An All-Out Ban on ‘Killer Robots’ Could Have Unintended Consequences, AI Experts Say

Article ID: 679976

Released: 23-Aug-2017 2:50 PM EDT

Source Newsroom: Northwestern University

Expert Pitch

EVANSTON, Ill. --- Northwestern University artificial intelligence experts are available to comment on the proposal by a group of robotics and AI specialists, including Elon Musk, for the United Nations to ban the development and use of “killer robots.” 

Kristian Hammond previously sat on a UN policy committee run by the United Nations Institute for Disarmament Research (UNIDIR). He is a professor of electrical engineering and computer science in the McCormick School of Engineering and a co-founder of Narrative Science, a startup company that uses artificial intelligence to extract the most important information from a data source and turn it into a narrative expressed in natural language. Hammond also previously founded the University of Chicago’s Artificial Intelligence Laboratory.

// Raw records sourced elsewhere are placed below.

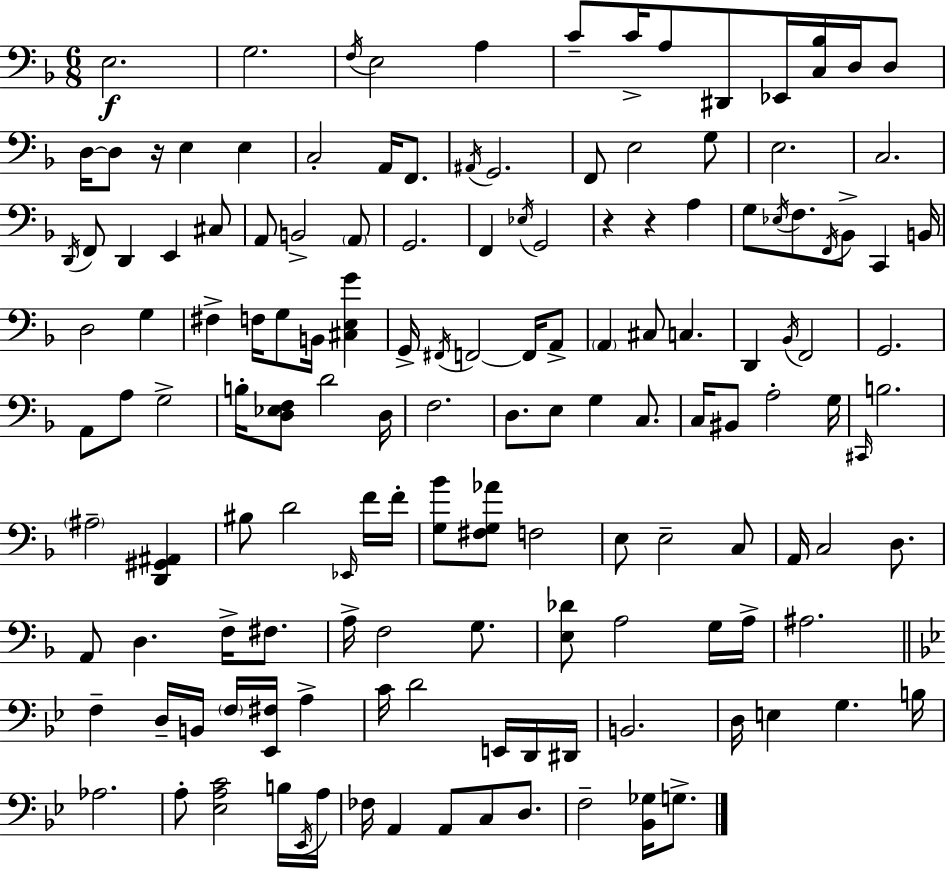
{
  \clef bass
  \numericTimeSignature
  \time 6/8
  \key f \major
  \repeat volta 2 { e2.\f | g2. | \acciaccatura { f16 } e2 a4 | c'8-- c'16-> a8 dis,8 ees,16 <c bes>16 d16 d8 | \break d16~~ d8 r16 e4 e4 | c2-. a,16 f,8. | \acciaccatura { ais,16 } g,2. | f,8 e2 | \break g8 e2. | c2. | \acciaccatura { d,16 } f,8 d,4 e,4 | cis8 a,8 b,2-> | \break \parenthesize a,8 g,2. | f,4 \acciaccatura { ees16 } g,2 | r4 r4 | a4 g8 \acciaccatura { ees16 } f8. \acciaccatura { f,16 } bes,8-> | \break c,4 b,16 d2 | g4 fis4-> f16 g8 | b,16 <cis e g'>4 g,16-> \acciaccatura { fis,16 } f,2~~ | f,16 a,8-> \parenthesize a,4 cis8 | \break c4. d,4 \acciaccatura { bes,16 } | f,2 g,2. | a,8 a8 | g2-> b16-. <d ees f>8 d'2 | \break d16 f2. | d8. e8 | g4 c8. c16 bis,8 a2-. | g16 \grace { cis,16 } b2. | \break \parenthesize ais2-- | <d, gis, ais,>4 bis8 d'2 | \grace { ees,16 } f'16 f'16-. <g bes'>8 | <fis g aes'>8 f2 e8 | \break e2-- c8 a,16 c2 | d8. a,8 | d4. f16-> fis8. a16-> f2 | g8. <e des'>8 | \break a2 g16 a16-> ais2. | \bar "||" \break \key bes \major f4-- d16-- b,16 \parenthesize f16 <ees, fis>16 a4-> | c'16 d'2 e,16 d,16 dis,16 | b,2. | d16 e4 g4. b16 | \break aes2. | a8-. <ees a c'>2 b16 \acciaccatura { ees,16 } | a16 fes16 a,4 a,8 c8 d8. | f2-- <bes, ges>16 g8.-> | \break } \bar "|."
}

Quote from Professor Hammond

“Whenever you ban something, it comes out in ways you cannot control. Prohibition leads to secrecy, and the thing we need most in AI research is transparency. We need to understand how intelligence works before we push intelligent machines into the world. Understanding and transparency before deployment should be the goal, and that goal is not helped by prohibition.”

He can be reached at hammond@cs.northwestern.edu.

Larry Birnbaum also is a professor of electrical engineering and computer science at McCormick and is the other co-founder of Narrative Science. His research includes machine learning, human-computer interaction, case-based reasoning, computer vision and natural language processing. He was the program co-chair of the 1991 International Machine Learning Workshop and has been a member of the program committee for numerous other conferences and workshops.

Quote from Professor Birnbaum

"Bans only work if they are verifiable. The Nuclear Test Ban Treaty is verifiable via satellite and ground sensors. The Biological Weapons Convention lacks clarity around verification, and this remains a huge issue, even though the ban has been relatively successful – at least in terms actual deployment and use of such weapons. But development is another issue. How is a ban on the development of AI for use in weapons to be monitored?"